The lats contribute mostly to the appearance of the back width. They have two key functions: 

  • to adduct the arm or basically bring the arm in closer to the body when it’s out to the side; 
  • and to extend the arm or basically bring the arm in closer to the body when it’s out in front. 

If we want to hit the lats, we should be performing exercises that train shoulder extension and shoulder adduction.

The Traps

The traps contribute mostly to the appearance of back thickness. While their individual functions are highly varied, the upper traps’ main function is to elevate the scapula like in a shrug. While the mid and lower traps primarily retract the scapula like in a row. 

The Rhomboids

The rhomboids are split into a rhomboid major and a rhomboid minor. But both have the same main function which is scapular attraction. So for the most part these muscles will be targeted with the same basic exercises that hit the mid-traps

The Erector Spinae

The spinal erectors of the lower back extend all the way up the spine to the skull and function to extend the entire vertebral column. Also, strong erector spinae muscles prevent back pain.
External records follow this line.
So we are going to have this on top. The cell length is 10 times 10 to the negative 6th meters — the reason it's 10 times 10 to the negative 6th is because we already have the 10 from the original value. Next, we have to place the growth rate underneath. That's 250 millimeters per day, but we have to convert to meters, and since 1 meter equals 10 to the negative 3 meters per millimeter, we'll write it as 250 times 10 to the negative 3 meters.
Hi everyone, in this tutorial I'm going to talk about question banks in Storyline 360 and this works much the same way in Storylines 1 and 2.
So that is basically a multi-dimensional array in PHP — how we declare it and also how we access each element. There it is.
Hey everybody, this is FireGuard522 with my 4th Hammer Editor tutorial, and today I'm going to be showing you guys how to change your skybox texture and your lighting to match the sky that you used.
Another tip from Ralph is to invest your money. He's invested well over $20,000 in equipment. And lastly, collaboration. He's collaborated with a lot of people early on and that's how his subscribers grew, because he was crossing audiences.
15 Back Exercises With Kettlebells

We’re going to be focusing on kettlebells for improving back. These exercises are perfect for both fitness levels beginners and professionals. And all you need are two kettlebells. And we’re going to be using a chair to help with some of the movements. Let’s get started.
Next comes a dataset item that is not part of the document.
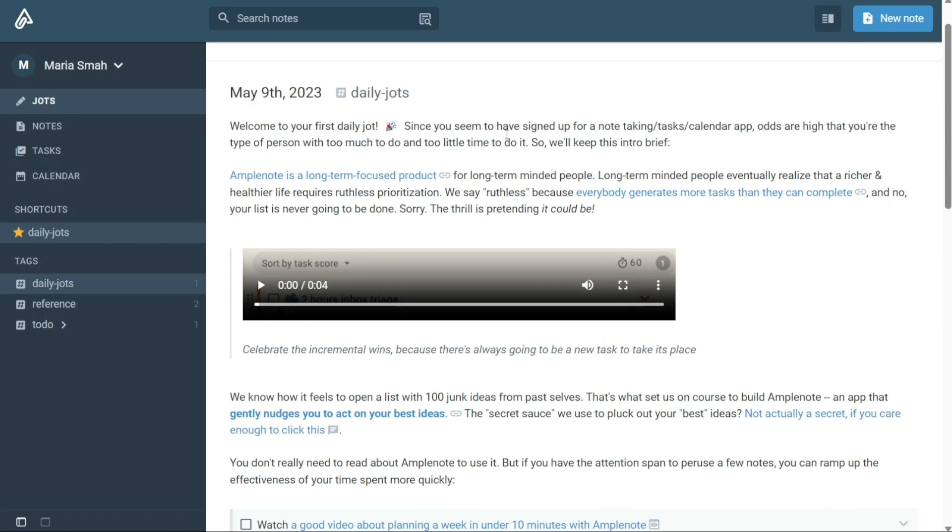The dashboard of Amplenote is the central hub where you can access all the features and functionality of the platform. Once you log into your account, you will be directed to the dashboard, which is designed to be user-friendly. The left navigation panel is a crucial part of the dashboard.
If you are a beginner or a woman, move through 5-6 exercises, 10 reps of every exercise (with a 6-kg kettlebell light weight).

If you are a man, perform 10 exercises with an 8-kg kettlebell weight. Be sure to do 10 reps of every exercise. Your back muscles will burn tomorrow! Make sure you get a good stretch in.

If you are a professional athlete, perform all 15 exercises (12-15 reps) with a 10-kg or 16-kg kettlebell weight. Good luck!

Whole Back Kettlebell Exercises

Here are our exercises for your whole back muscles.

1. Assisted Single-Arm Bent Over Row

For the first exercise, we’re going to be doing an assisted single-arm bent-over row. You need one kettlebell and you don’t need to go super heavy kettlebells.

You’re going to place one hand on the chair. Make sure that your hips are not too far backward or you’re leaning too far forwards. You want the wrist to be stacked right underneath your shoulder. Keep your back flat. If you’re having a hard time and your back is rounding out, remember you’ve got to engage your core by tightening up your lower back. 

So, feet hip-width apart. And you’re going to lift the kettlebell up. As if you’re trying to tuck it into the pocket of your armpit. After performing 12 reps, do the other side switching hands.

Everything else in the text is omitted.